Objectively Speaking, Is Magnus a Patzer Compared to StockFish and AlphaZero? - Chess Forums - Page 6

SeniorPatzer · 2017-12-06T10:30:01-08:00

I've been reading threads about StockFish being dethroned by AlphaZero. Then I clicked on the London Chess Classic for the first time (see that's why Chess.com is best) and lo-and-behold, I heard Yasser exclaiming to Jennifer Shahade about AlphaZero destroying StockFish which had just won

Lyudmil_Tsvetkov

Dec 12, 2017

0

#101

And that is why I don't like the approach, because it is too simplistic. The primary code is very simple, as it seems. What is complex is the tuning network, but that is just hardware.

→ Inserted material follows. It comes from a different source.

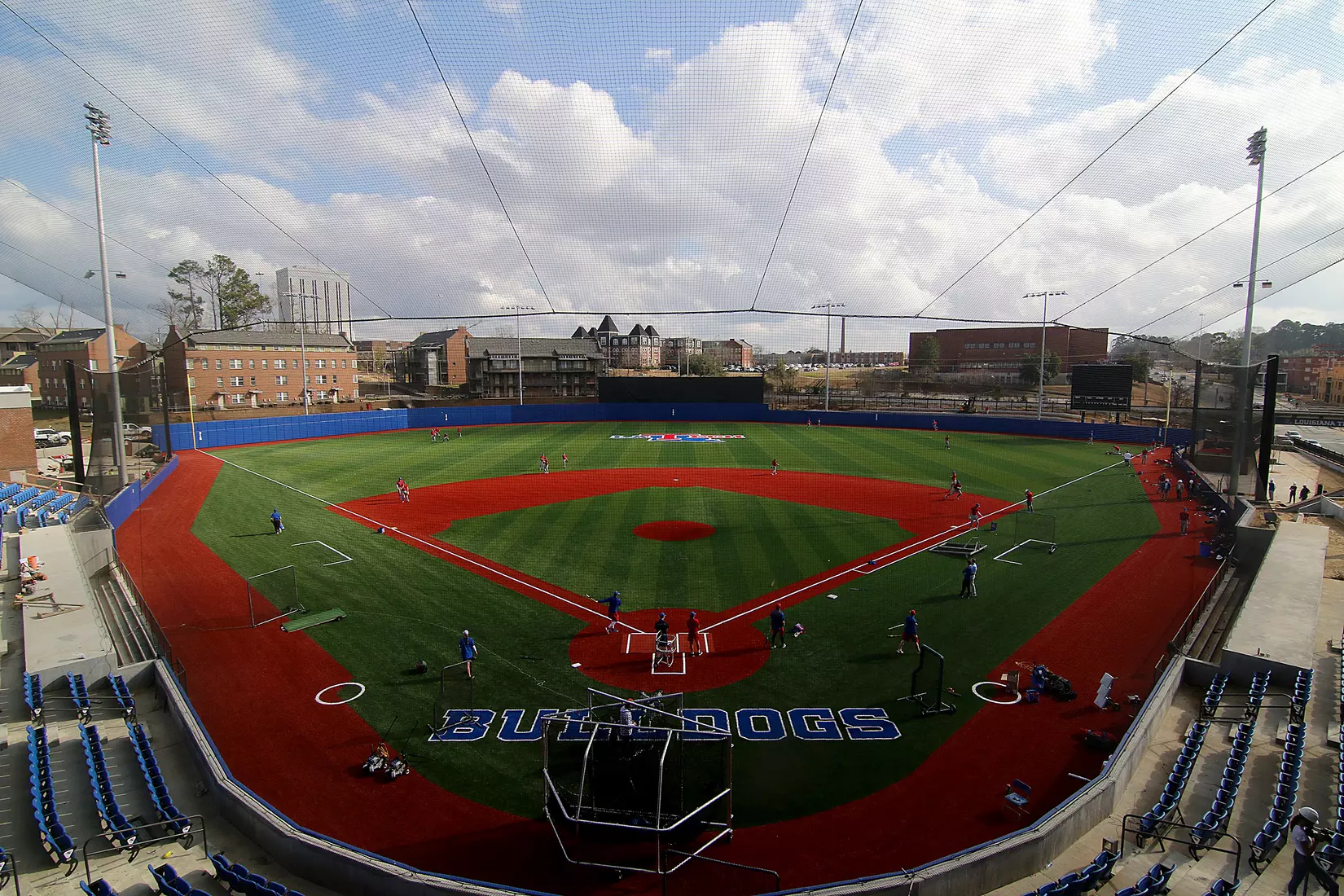 Tech baseball and softball teams practice for first time on their new fields of their new stadia on the Tech campus. The old faclities were destroyed by a 2019 tornado. Photo by TOM MORRIS/Tech Media Relations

Chess is much more complex than that, theoretically and that is why Alpha will not make big progress in the future.

Elroch

Dec 12, 2017

0

#102

Lyudmil_Tsvetkov wrote:

The team includes at least 3 chess programmers. Matthew Lai, the author of Giraffe and Talkchess member, is one of them. It is maybe for a reason that Giraffe, following the very same approach as Alpha, is rated only around 2400 on single core.

So, what you are saying is that AlphaZero is 3600 because they have someone on their team who has created an engine that reached 2400?

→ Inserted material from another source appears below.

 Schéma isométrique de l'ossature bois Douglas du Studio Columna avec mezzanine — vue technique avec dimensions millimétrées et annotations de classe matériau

Likewise, the team has no chess player at above amateur level.

However, the reason Matthew Lai is on the team is that he had tried to produce a chess AI, just one that was 1200 points weaker. 1200 points is not a difference that is achievable by speeding up hardware, even a lot. From articles on this, he was using a much smaller neural network, which even on slower hardware was able to look at about 10% as many nodes as a conventional engine. (see this article)

However, I would agree that using modest computational resources would have been a huge barrier to the development of AlphaZero. The most demanding phase is the self-learning, and this would have taken months without the fast hardware, rather than 4 hours.

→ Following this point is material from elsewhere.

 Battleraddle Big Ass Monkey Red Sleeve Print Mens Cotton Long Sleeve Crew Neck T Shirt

The reason AlphaZero benefits from more computation when playing is simply that its search tree gets bigger. But this search tree had 1000 times fewer nodes than that of Stockfish with the exact hardware each used!

It is the huge hardware that made the difference and not the approach.

Self-learning, self-learning, what do you mean self-learning and AI.

You admit you know nothing about the techniques that AlphaZero used to generate its strength: model-based reinforcement learning, termed "deep reinforcement learning" because the model used is a deep neural network.

I have studied this subject (including watching David Silver's excellent lecture series), and use Sutton's book on the subject.

It is true that AlphaZero uses a lot of processing power to achieve its highest strength in head to head play. However, with 30 times less power it would remain the highest rated engine according to AlphaZero's testing. While restricting AlphaZero's computational power would make the match closer, increasing the computational resource for both AlphaZero and a conventional engine like Stockfish would greatly advantage AlphaZero.

The key reason AlphaZero increases in strength more rapidly with computational resource appears to be that the branching factor of its search tree is smaller, to an extent which compensates enormously for it looking at far, far fewer positions. With the full power of 4 TPUs, AlphaZero was still looking at 1000 times fewer nodes than Stockfish! If its time was reduced by a factor of 30, it would be looking at 30,000 times fewer, and still be stronger!

As a result, when AlphaZero gets more time, its horizon must expand significantly faster than that of Stockfish. This is why not only is it stronger, it also indicates this technology has a permanent edge.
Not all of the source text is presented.